= What is being asked =
The line with "Năm 2025, đất" marks the first line to copy, and the line with "fresh/building/J00100375390_8" marks the last. Transcribe that stretch of the data below exactly, without pictures.

= Given data =
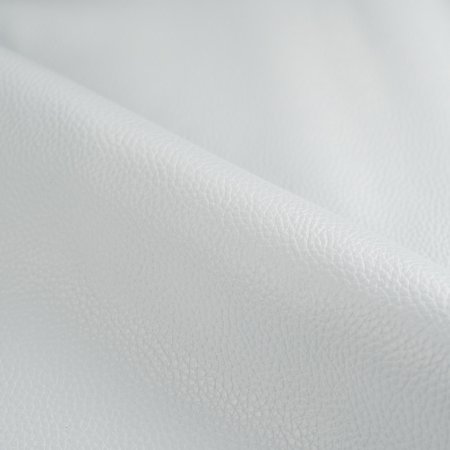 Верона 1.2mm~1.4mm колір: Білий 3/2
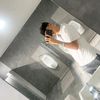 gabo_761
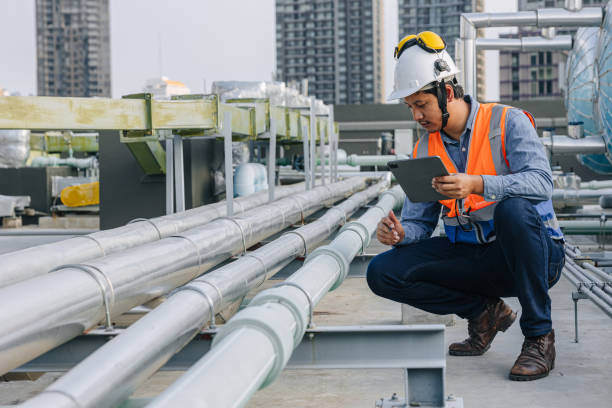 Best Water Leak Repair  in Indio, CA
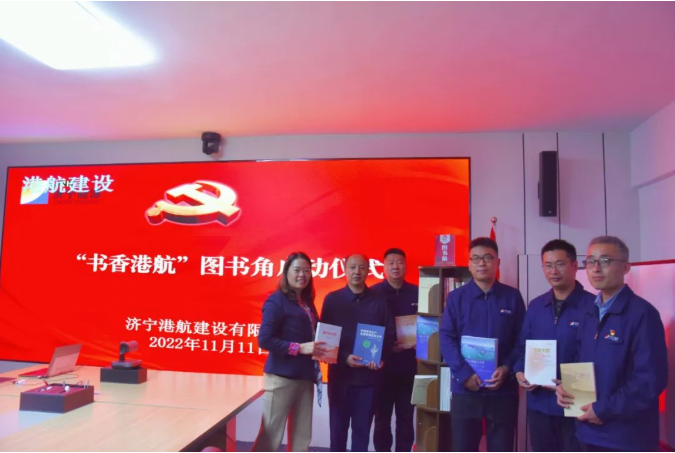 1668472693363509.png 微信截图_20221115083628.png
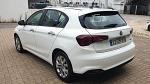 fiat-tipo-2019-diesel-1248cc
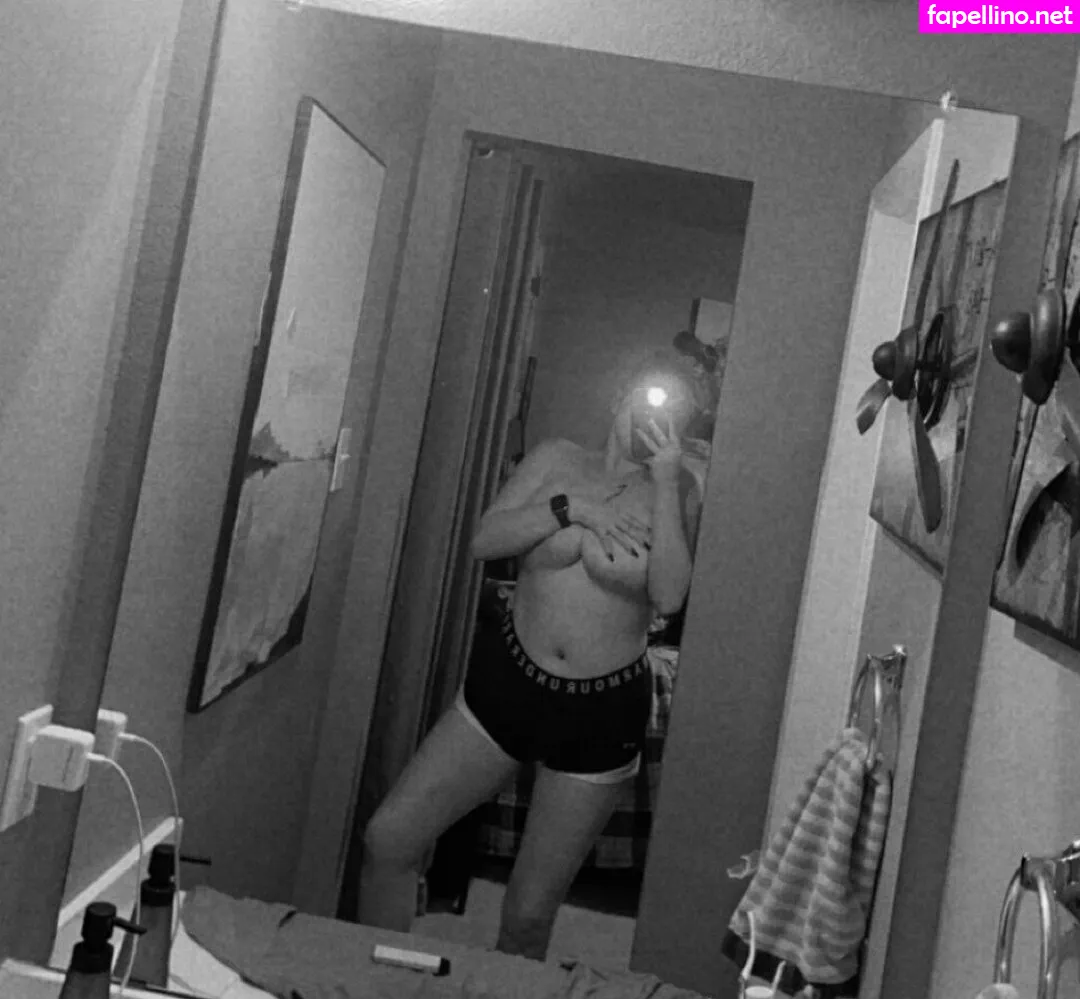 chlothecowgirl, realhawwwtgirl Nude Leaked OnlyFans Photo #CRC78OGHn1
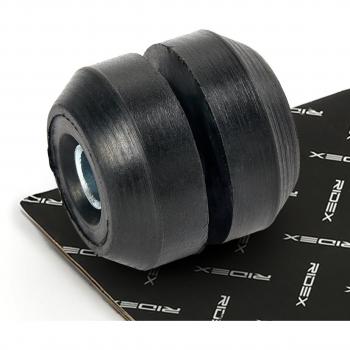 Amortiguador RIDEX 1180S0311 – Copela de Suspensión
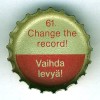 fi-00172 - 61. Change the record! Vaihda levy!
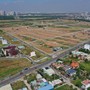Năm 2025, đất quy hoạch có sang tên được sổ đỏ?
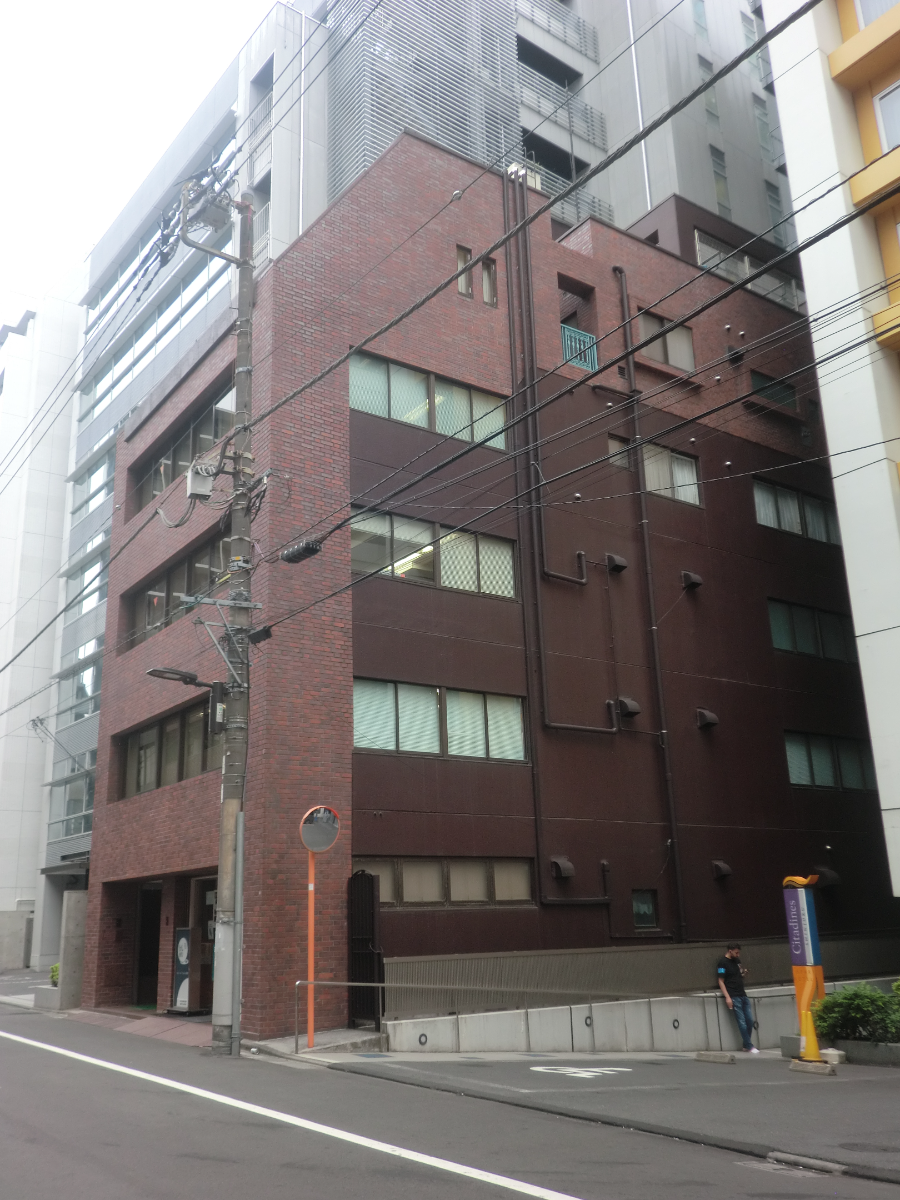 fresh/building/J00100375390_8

==

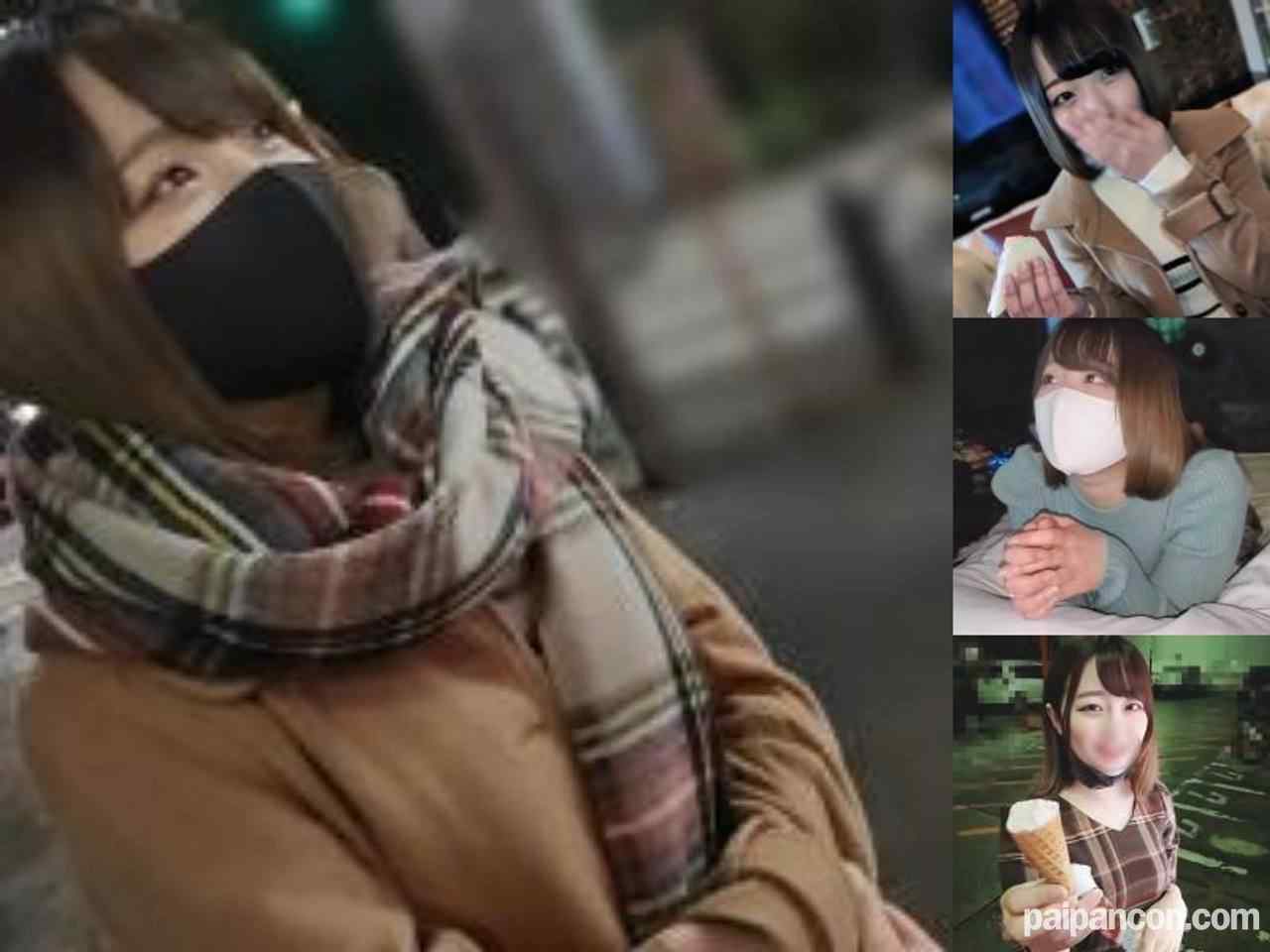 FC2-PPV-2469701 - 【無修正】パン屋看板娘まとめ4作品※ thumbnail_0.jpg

= Answer for this exercise =
Năm 2025, đất quy hoạch có sang tên được sổ đỏ?
 fresh/building/J00100375390_8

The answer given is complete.